The relay runs as a single Docker container with an embedded SQLite database — no external dependencies:
docker run -d \
  --name evolu-relay \
  --network host \
  --restart unless-stopped \
  evoluhq/relay:latest
This starts the relay on port 4000 (WebSocket only).
2

Add TLS with Caddy

Install Caddy and create /etc/caddy/Caddyfile:
sync.yourdomain.com {
    reverse_proxy 127.0.0.1:4000 {
        transport http {
            versions h1
        }
    }
}
The versions h1 directive is required — WebSocket upgrades need HTTP/1.1. Restart Caddy:
systemctl restart caddy
Caddy provisions a TLS certificate via Let’s Encrypt automatically.
3

Point DNS

Add an A record for sync.yourdomain.com pointing to your server’s IP address.
4

Point getbased at your relay

In getbased, go to Settings → Data → Advanced and enter wss://sync.yourdomain.com. The status dot turns green when connected.
Minimum server spec: any Linux VPS with 1 CPU, 1 GB RAM (~$5/month), Docker, and a domain with TLS.

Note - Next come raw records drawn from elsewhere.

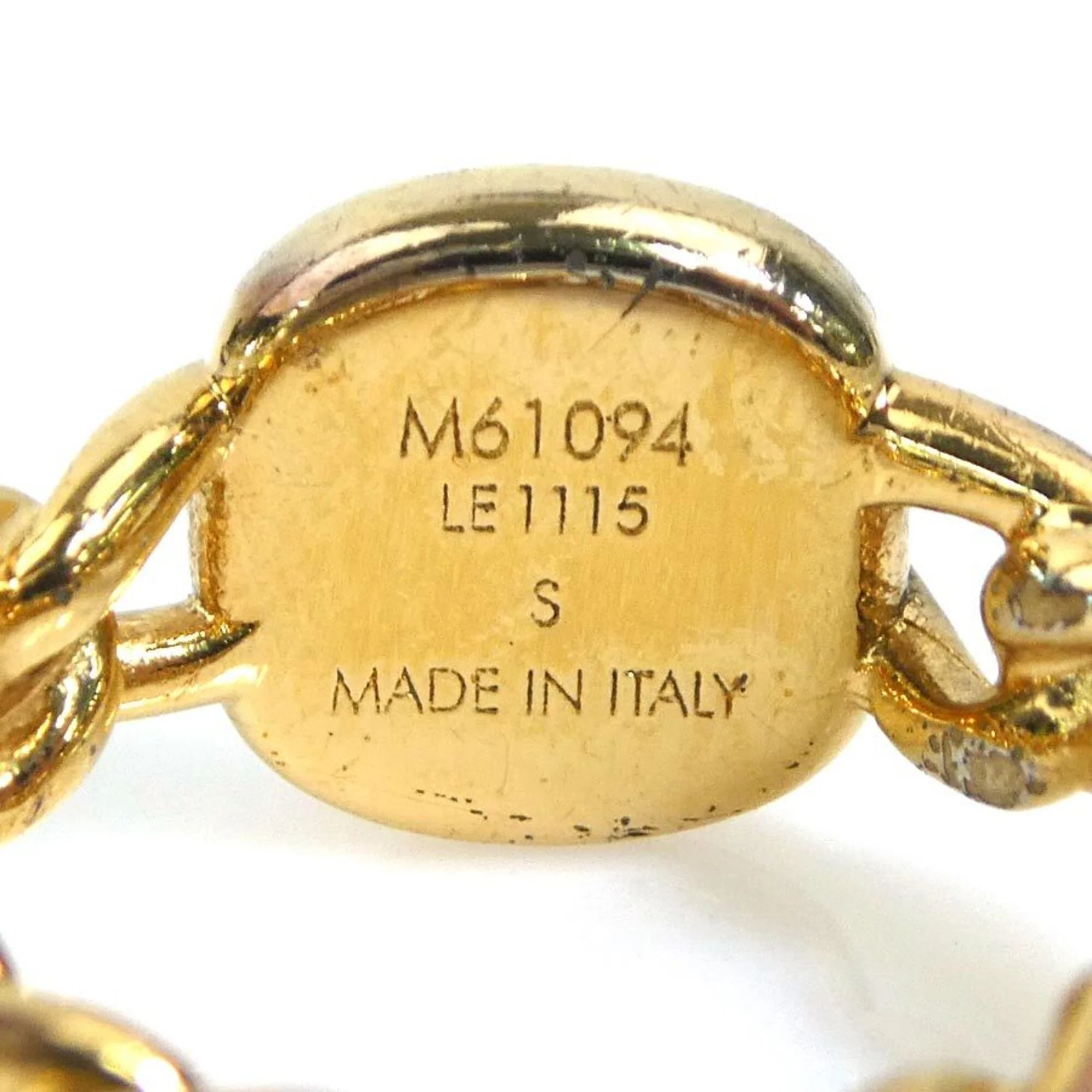ID Chain Ring Metal Gold and Silver - Image 6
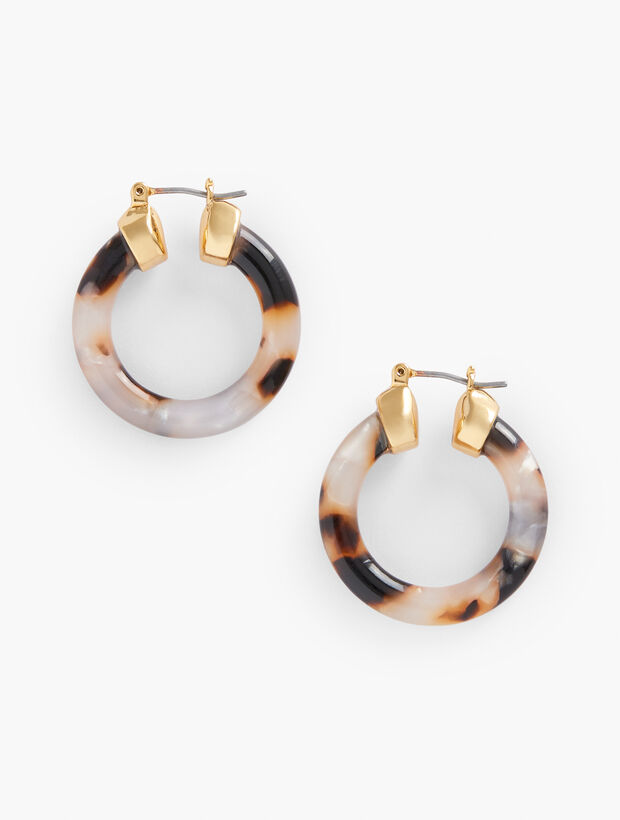 Blonde Tortoise Hoop Earrings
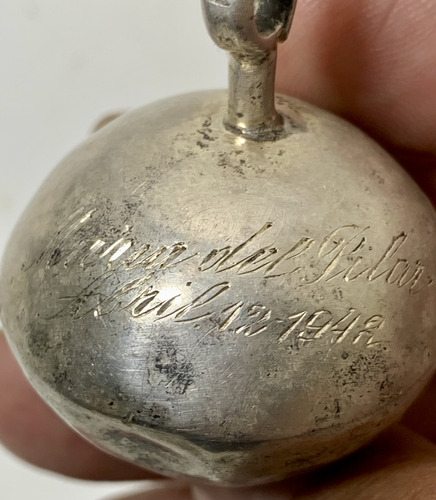 Antiguo Cascabel De Plata Niña 0.850 (Usado)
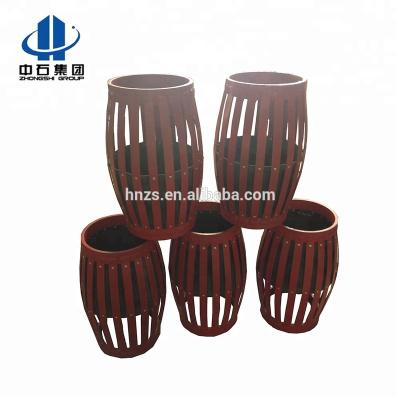 China Energy & Mining API 5CT Canvas cementing basket with Metal Fins for oil cementing use for sale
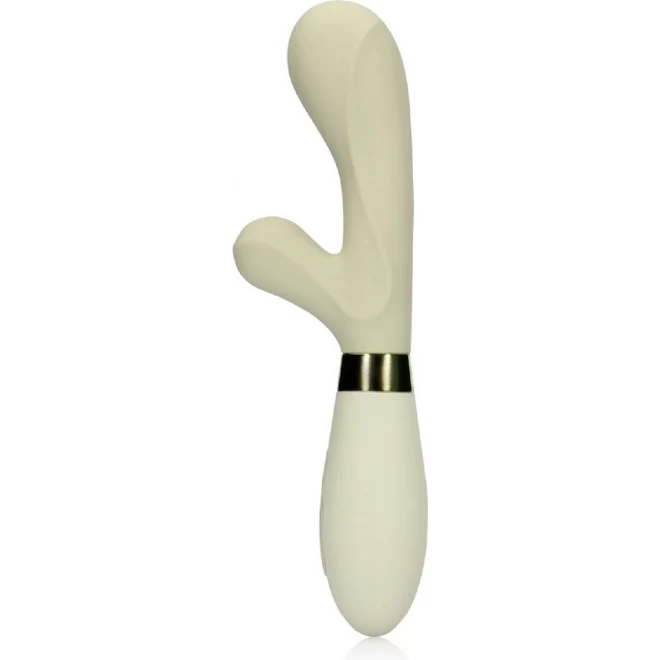 Silicone rabbit vibrator - misty green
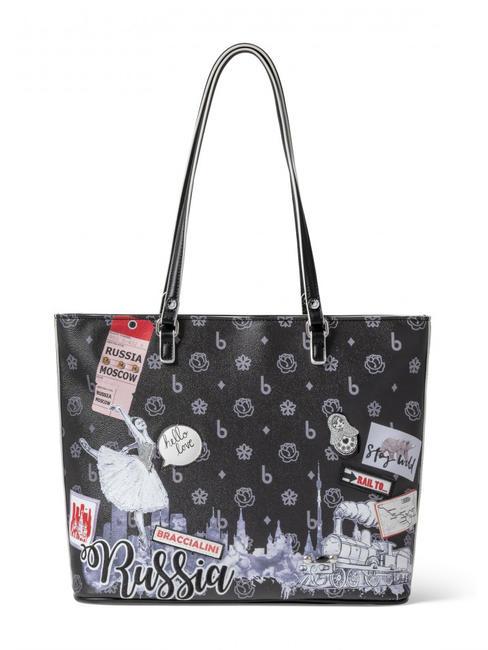 BRACCIALINI CARTOLINE Borsa shopping a spalla multi - Borse Donna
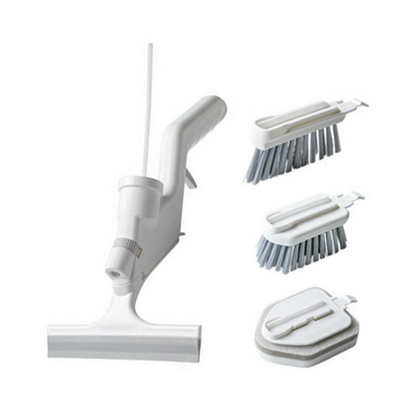 CleanSweep | Efficient Ergonomic Bathroom Tile Scrubber with Soap Dispenser 5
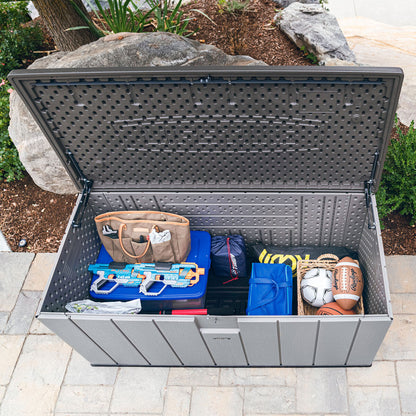 Lifetime 568 Litre Modern Outdoor Storage Deck Box Model 60384U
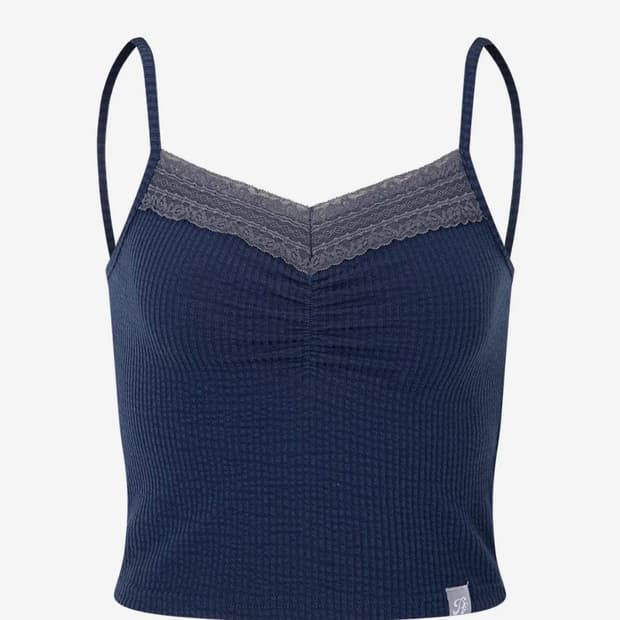 플리즈노팔로우 Hanni Lace Sleeveless Top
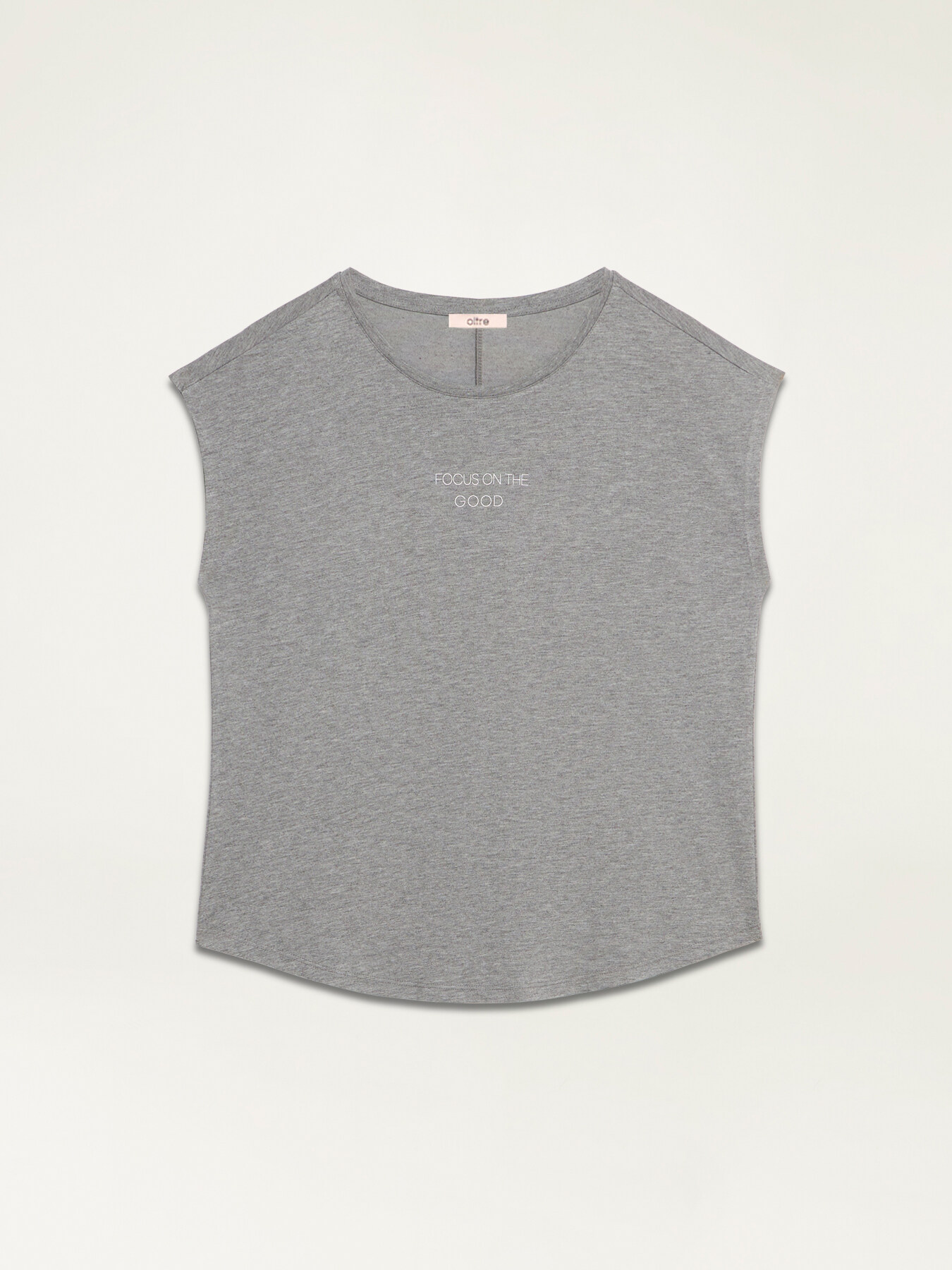 T-shirt m&eacute;lange misto modal image number 3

Local AI with a self-hosted instance

getbased supports any OpenAI-compatible local AI server — Ollama, LM Studio, Jan, llama.cpp, and others — via the Local AI provider in Settings → AI. Enter your server’s base URL and the app routes all AI calls there. Nothing leaves your machine.
Local AI servers (Ollama, LM Studio, etc.) typically serve on http://localhost without TLS. Because getbased enforces HTTPS on its hosted domain, this works out of the box only when you access your self-hosted instance over http://localhost or http://127.0.0.1. If you access your instance over HTTPS (e.g. a Vercel or Caddy deployment), the browser will block mixed-content requests to a plain HTTP local AI server. Run your local AI server behind a local TLS proxy (e.g. Caddy on localhost:11434) to resolve this.

Tor access

A .onion address is available for getbased. When you access the app via Tor Browser, the sync relay automatically switches to the .onion address (ws:// — no TLS needed over Tor’s end-to-end encryption). No additional configuration is required.